The Basics – Primary, Secondary and Tertiary Colours

Red, Blue and Yellow are the primary colours and we will remember this from our early years at school. These colours are so important as they cannot be achieved by mixing other colours – in their purest form they stand alone.

Secondary colours are made by combining two of these colours. Orange is created by mixing red with yellow, green is made by combining yellow and blue and purple comes about by mixing red and blue.

The decorator colours come next.  These are the tertiary colours which as they are more complex become more interesting and muted.  The Olive and Caramel range of colours is created by combing orange and green.  The Terracotta and Rust range which is so natural is achieved by combining purple and orange and the slate range, the most contemporary of the tertiary colour range comes about by mixing green and purple together.

Tints, Shades and Muted tones

Of course with all these colours we can manipulate them further by adding varying degrees of white to tint the hue or black to shade the colour. This process makes them easier to use in any form of design. A bright primary red becomes a soft tone of pastel pink or a deep rich exotic shade. All of these colours can be muted further by adding varying degrees of a neutral grey or they can be combined with the complementary colour to create fabulous rich colours, perfect for interior decorating.

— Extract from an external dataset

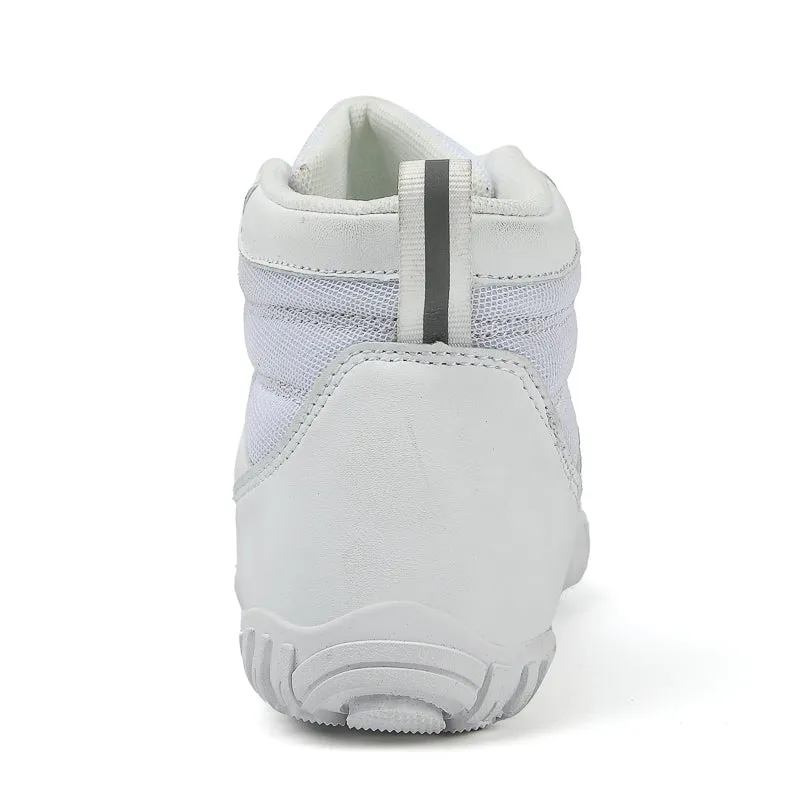 Power I -Outdoor Hiking Shoes
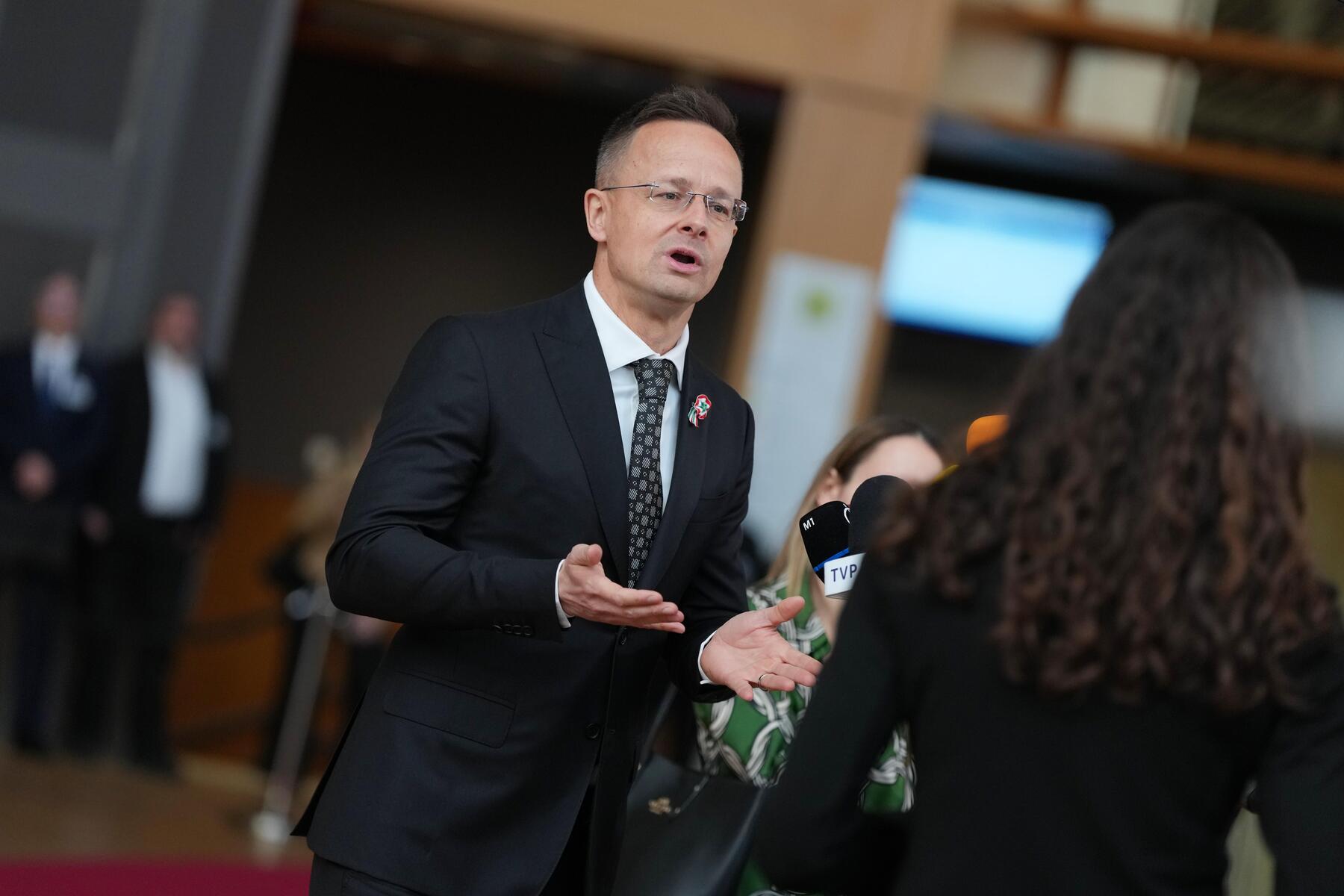 Ungarn: Nach der Niederlage wird es eng für Orbán und seine Gefolgsleute [premium]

You can see from starting here with a bright zingy Lime what happens when we shade with black and tint with white.

Colour Palette Rules

There are certain rules to follow for creating a successful colour palette. Resene Paints has an excellent website which is a great source of information.The following illustrations are from their resources and show paints from their vast colour library.

Monochromatic

These are the simplest colour palettes of all. You take one colour and then use it with various different tints and shades. This can be very effective as you can create a palette that has great tonal variation, for example black and white.Although these palettes can be very striking they can appear a little one dimensional and it is important with these schemes to introduce varying textures to complete the look.

Related

These colour palettes are one step up from the monochromatic palette as you can select one or two colours adjacent on the colour wheel to the main colour. Of course you can then employ tints and shades to complete the palette. For example you may select a mid green as the starting point and introduce teals and navy colours into the scheme.

Complementary

The opposite colours on the colour wheel are described as complementary. For example in the most tramadol online illinois basic format, purple and yellow; red and green; and blue and orange are all complementary colour schemes. These colours naturally work very well together however it is most important that they are combined in an 80/20 ratio. One colour must be the dominant hue in the colour scheme with the complementary colour being an accent.

Split Complementary

These colour schemes are similar to the above but you start with one colour, for example purple and you use a warm yellow with orange undertones and a cool yellow on the cusp of green to complement it.

Triadic

This colour palette is the most adventurous of all as you take three colours which are equidistant on the colour wheel. As with complementary colour schemes, one colour must be the dominant one with the other two colours remaining as accents in the scheme.

Warm and Cool Colours

The colour wheel is split into warm and cool colours. Yellows can contain more green, making them cool yellows or they may have more orange in which case they will be warm. Orange is most definitely a warm colour, bright and convivial it is an excellent choice to warm up a living space. Reds of course are warm colours, evoking passion and excitement but once they move towards purple they can be cooler which is a good rule to remember if you want to use a rich red but in a warmer space. As with yellow, the colour purple can be warm if it contains more red, or cool if it contains more blue. A mid blue is a navy which can become teal if more green is added to the colour. Green is the coolest of all the hues as it is right in the middle of the cool side of the colour wheel. A great colour for meditation purposes as they eye doesn’t need to adjust to see it.

One of the most important items to consider when selecting a colour scheme for a space is the aspect of the area.  If it faces north or west and is light and open then a cooler colour scheme will be preferable.  Conversely a south or east facing room will need a warmer palette to make it more inviting.

You can see from these two images from Resene the dramatic effect that using either a cool colour scheme or a warm colour scheme creates in the same room.  These colours really dictate the mood of the space and this is very important to consider when you are decorating.  Imagine how you want to feel when using the space, calm and serene or warm and cosy?  Cool colours also recede making a space appear larger and warm colours generally advance, again creating a cosy and intimate space.